MARINE CORPS LOGISTICS BASE ALBANY, Ga. --
Marine Corps Logistics Base Albany is currently hosting its first predator hunt for coyotes through June 18.
The purpose of the hunt is to help control the growing population of coyotes and protect small game and domestic animals aboard the base.
Hunters are only allowed to use bows during the hunt.
“The predator hunting season will aid in managing the coyote population and allow hunters to demonstrate their bow hunting skills because coyotes are extremely savvy,” said Al Belanger, game warden, Natural Resources, Installation and Environmental Branch, Installation and Environment Division, MCLB Albany.
By nature, coyotes are timid and shy animals that tend to steer clear of any potential danger and thus pose little threat to humans, according to www.gohuntgeorgia.com.
Contrary to popular belief, these animals do not hunt in packs, but rather are primarily solitary hunters. Despite these characteristics, problems sometimes do occur as these predators become increasingly tolerant of human interactions. Prevention is the best defense against nuisance coyotes, according to Georgia Department of Natural Resources Coyote fact sheet.

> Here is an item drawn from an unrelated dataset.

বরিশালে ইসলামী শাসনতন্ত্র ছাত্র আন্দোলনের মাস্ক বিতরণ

Belanger said this will protect wildlife such as deer that are showing signs of giving birth and family pets including dogs and cats.
“This will help protect domestic animals because coyotes have been known to prey on small dogs and cats,” Belanger said. “However, since I have been the game warden here, I have not had any reports of domestic animals falling prey to coyotes.”

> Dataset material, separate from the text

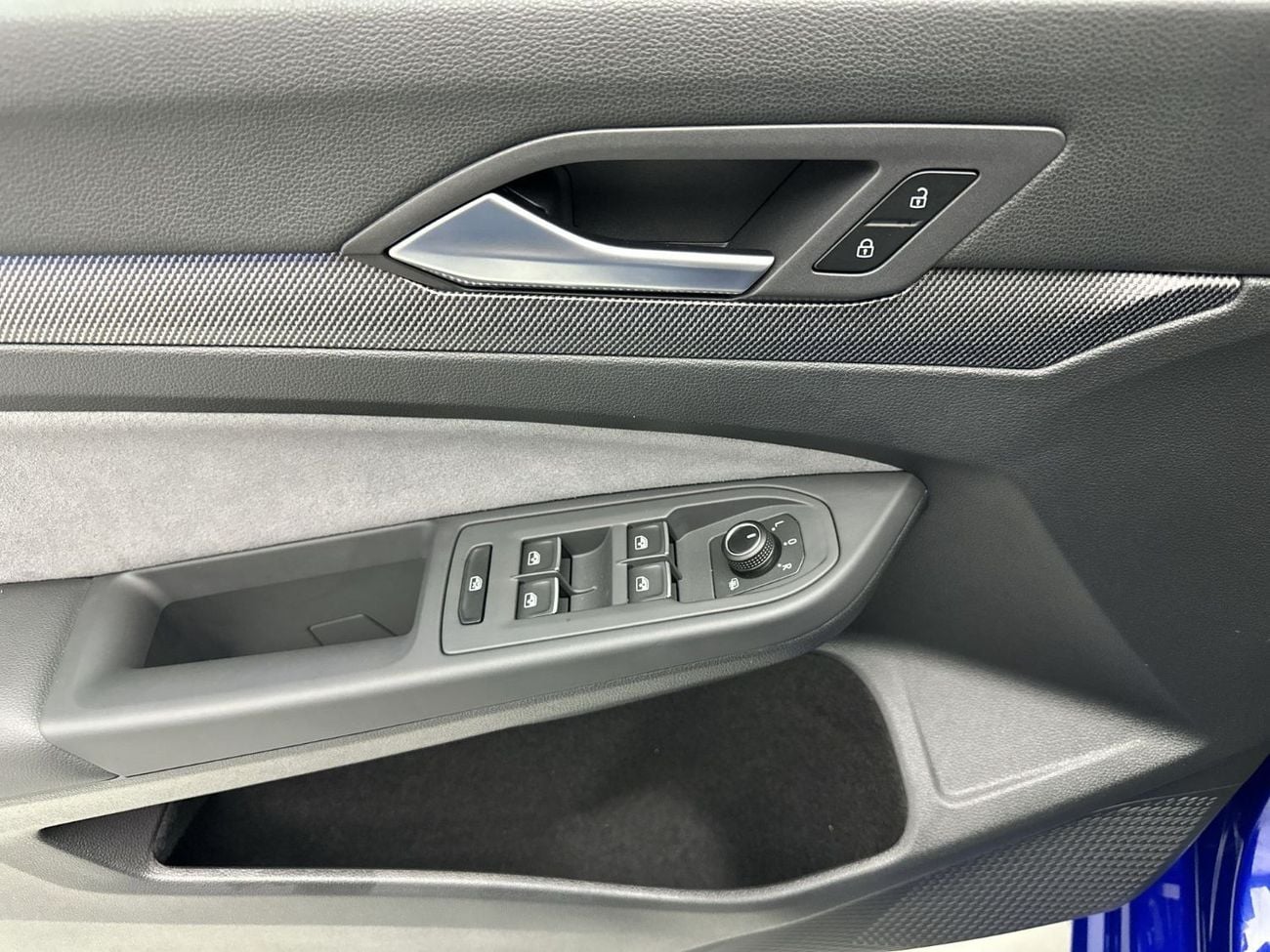 Volkswagen Golf R Base 2.0T Golf R Fabric Seats with Sunroof - DCC - Black Edition (Ref#37205)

Hunting will be conducted in areas designated by Natural Resources.
“Check-in/check-out procedures for hunting have been established for the hunting period,” Belanger said. “This process must be followed in order to keep hunters safe and designated areas may change due to training requirements or other environmental surveys being conducted.”

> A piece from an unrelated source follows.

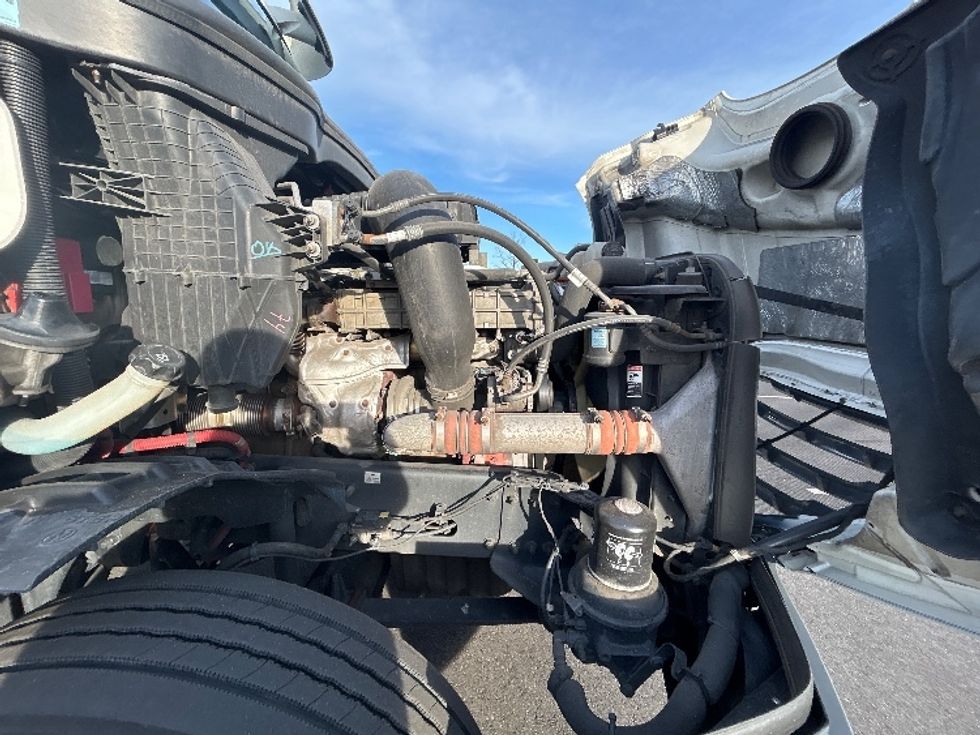 Day Cab Tractor-Heavy Duty Tractors-Freightliner-2019-T12664ST-Millville-NJ-352,045\n\t\tmiles-$ 55,000 - Image 15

Hunters must obtain Georgia state and a base hunting licenses before they can hunt on base, he explained.
“Each hunter must pass a short archery qualification course,” he said. “This is a proficiency exam to make sure each hunter can make ethical shots when hunting large or small game aboard the base. During this time, base regulations and safety requirements are explained.”
After attending and passing the archery course, hunters are assigned a number and are instructed to go to Building 5101 to purchase a base hunting license.
Belanger advises hunters not to buy a base hunting license until they have passed the archery course.
The game warden is also calling on base residents to assist in protecting small game and family pets.
“Although the houses have fenced-in yards, I would advise residents not to leave their pets outside unattended,” he said. “Also, do not leave any type of food, such as cat or dog food or table scraps, outside. This will lessen the opportunity for coyotes and other animals, such as raccoons or possums, to venture into the housing area looking for food.”